倒産列伝014~バブル清算期の記憶2「独自の防衛策」⑤

倒産列伝

C役員:「ちょっといいかな?」

私  :「はい、なんでしょうか?」

 デスクの後ろから私の肩越しに長身のC役員が覗き込み声をかけてきたのでした。

 目は笑いながらも声のトーンから、今回の件で言いたい事があるのだとすぐに判りました。

 

 私をご自身の、出来たばかりの執務室に伴いました。

 外部から来た成りたての役員なので窓が無く無機質なデザインで他の役員に比べ狭めの執務室。

 秘書もまだ、部下のB役員の秘書が兼務しておりました。

 彼は扉を閉め、こう言い始めました。

C役員:「ちょっと、与信枠の設定が過少なんじゃないの?ギリギリで回していく事に意味があるのだろうか?」

私  :「営業がこの枠で申請をしてきていますので・・・。彼らは過去の経験から慎重な対応をしているのだと考えますが・・・。」

C役員:「君はどう思う?あのD社は新規参入とは言っても異業種では老舗で実績があり、その本業からの資金が回ってきている以上は倒産の懸念もないし、むしろ優良先として優遇すべきなのでは?」

私  :「業界を率いる当社は、資本背景が潤沢でも実績のない先を安易に優遇しますと面倒な事が起きます。それは他の老舗顧客からのクレームです。」

C役員:「あそこは、上場を目論んでるとの事で、有力なファンドが付いている事は知ってるよね?」

私  :「はい、確かにそこそこ有名なファンドですね。」

C役員:「それなら、少しは営業側の背中を押してくれても良いんじゃないの?気兼ねなく与信枠の増額申請ができるようにさ・・・。君の段階で増額したらいいじゃない?誰も文句言わないよ?」

 それを聞いて私はムッとしました。

 小説などで審査マンが営業の前に立ちはだかり、何でもダメダメと言うシーンというのはよくあると思うのですが、営業マンだった私も、営業の気持ちが分かる自負はあり、且つそういうダメダメスタイルは嫌いだったので健全と評せる取引先にはおっかなびっくりな営業の申請内容を支持するコメントを出し、経営が悩まず短時間で決裁できる様にはしていたからでした。
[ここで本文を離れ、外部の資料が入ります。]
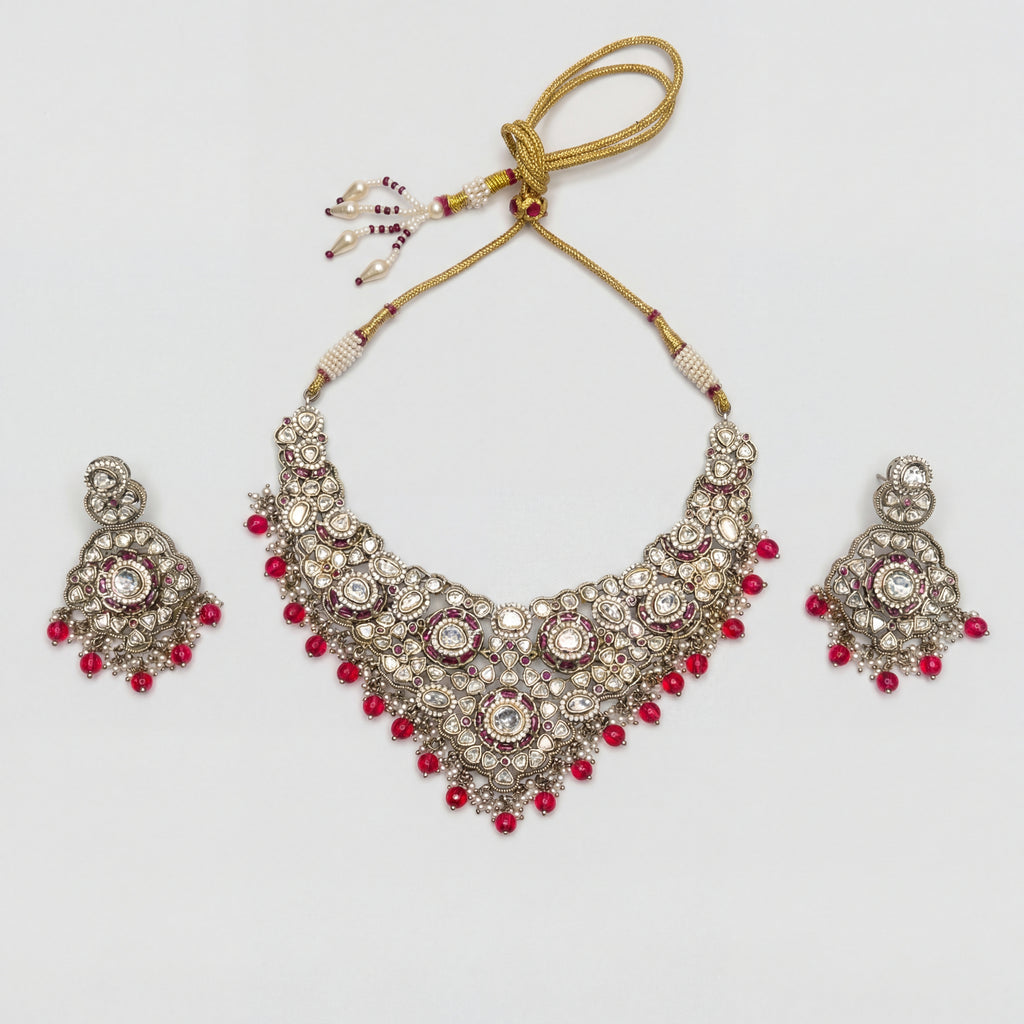 Aira Ruby Necklace Set silver kundan bib collar with ruby-red bead fringe and matching drop earrings on gray background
 ただし一度申請された額については、あくまでも審査回付先であり決裁者の意思決定に資する客観性を持たせた評価をする役目の与信管理者側自らが増額をすることは致しませんし、できません。

 あくまでも額を決めるのは営業です。

 チェック&バランスを保つガバナンス上の鉄則なのです。

 それを捻じ曲げて圧力をかけてくる雰囲気に、呆れながらも

私  :「事前に営業側が相談してくれば、背中を押す事はよくありますので誤解しないでください。ただ今回は申し訳ありませんが、背中は押しかねます。でも営業には頑張ってもらいたいので机上の評価では与信枠を増額する事はできなくても、きめ細かな営業力で少しずつ実績を積んでもらい徐々に取引額を上げていく戦術を理解し応援しています。」

C役員:「それじゃ、遅いんだよ!! 時間がかかって他社に持ってかれちゃうよ。」

私  :「それは仕方がない事だと思います。」

 今度はC役員がムッとしながら

C役員:「堅いな、それでは営業活動を阻害している事にしかならない・・・。」

 とつぶやきました。

 「君が反対する根拠は何?」と問いかけてくれたら賢明な人だと思ったのですが、残念なことにそれは無く「もう言っていいよ」とだけ言って終わりました。

 その瞬間に私は見抜いてしまいました。

 我々の様な役割の人間が「こう言っているから」とか、与信枠を「増額していいですか?」などと聞いてくる営業マンがいます。

 そういう「与信枠のことは専門家にお任せ」な文化の企業もあるかと思いますが、それは実に残念な事ですが、この人はそういうところで経験を積んで来てしまった人なんだと。

 私は与信枠を決めるのは営業であり、最後に決裁するのも営業部門の最高責任者(社長含む)であるべきと考えております。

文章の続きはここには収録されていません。